Top

Apple and Nokia see deeper partnership after ending patent dispute

The deal means Nokia will get bigger royalties from Apple for using its mobile phone patents.

Apple has settled a patent dispute with Finnish telecom equipment maker Nokia and agreed to buy more of its network products and services, sending Nokia shares up 7 percent.

The deal means Nokia will get bigger royalties from Apple for using its mobile phone patents, helping offset the impact of waning demand for its mobile network hardware.

Such legal battles are common in the industry but can drag on for years and analysts had not been expecting such a quick resolution to the dispute that started in December.

Under the deal announced in a joint statement from the companies on Tuesday, Nokia will also supply network infrastructure products to Apple, and Apple will resume sales of Nokia's digital health products in retail and online stores and look at further collaboration in health.

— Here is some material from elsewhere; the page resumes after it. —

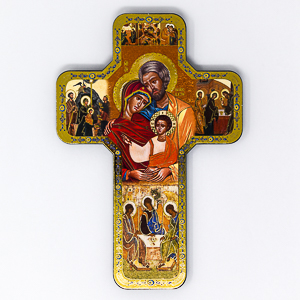 Icon Holy Family  Cross Wall Plaque.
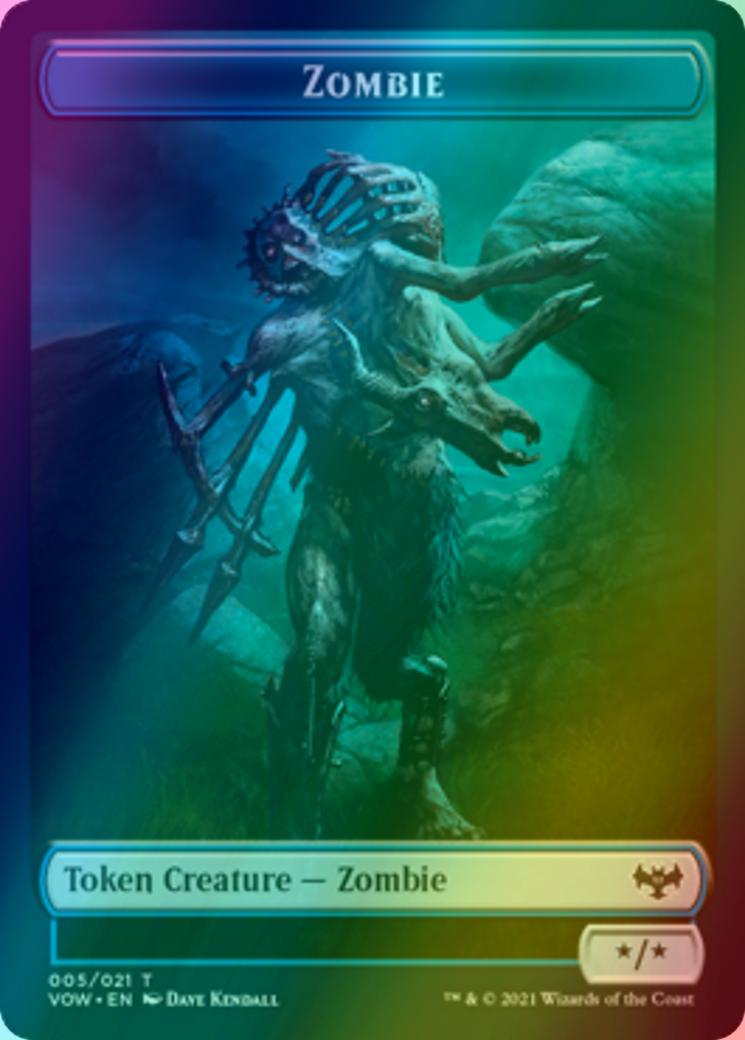 Blood Token (17) // Zombie Token (05) [Innistrad: Crimson Vow: Tokens] [Foil]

Digital health is one of the areas Nokia is targeting as it tries to develop new businesses to offset the industry-wide slump in demand for network equipment. Last year, Nokia bought France's Withings S.A., a small firm with products such as activity trackers and baby monitors built on digital platforms.

"There could emerge big future value from this as Apple could become an important distribution channel," said Handelsbanken analyst Daniel Djurberg, who has an "accumulate" recommendation for Nokia shares.

"I have not given any value so far for Nokia's digital health business, but might apply an option value to it."

INDUSTRIAL DEAL

Nokia Chief Executive Rajeev Suri told the company's annual general meeting later on Tuesday that the deal would help expand network sales beyond telecom operators to global internet and technology giants.

"(The deal) involves a business collaboration ... in particular in areas of IP and optical equipment, which is quite key to webscale players when they build their data centers," he said. "It's a good deal, a multi-year licensing deal, and I love it that it has an industrial deal and aspect to it."

Under the patent license agreement, Nokia will receive a "significant" upfront cash payment and additional revenues from Apple starting from the current quarter. The companies did not give further details but analysts said the revenue was likely to be far higher than a previous deal.

Inge Heydorn, fund manager at Sentat Asset Management, said it was a smart move to collaborate on digital health products.

"It's interesting for Nokia in a five- to 10-year perspective since I think it will be hard to be profitable within mobile infrastructure," said Heydorn, whose firm does not hold any shares in Nokia.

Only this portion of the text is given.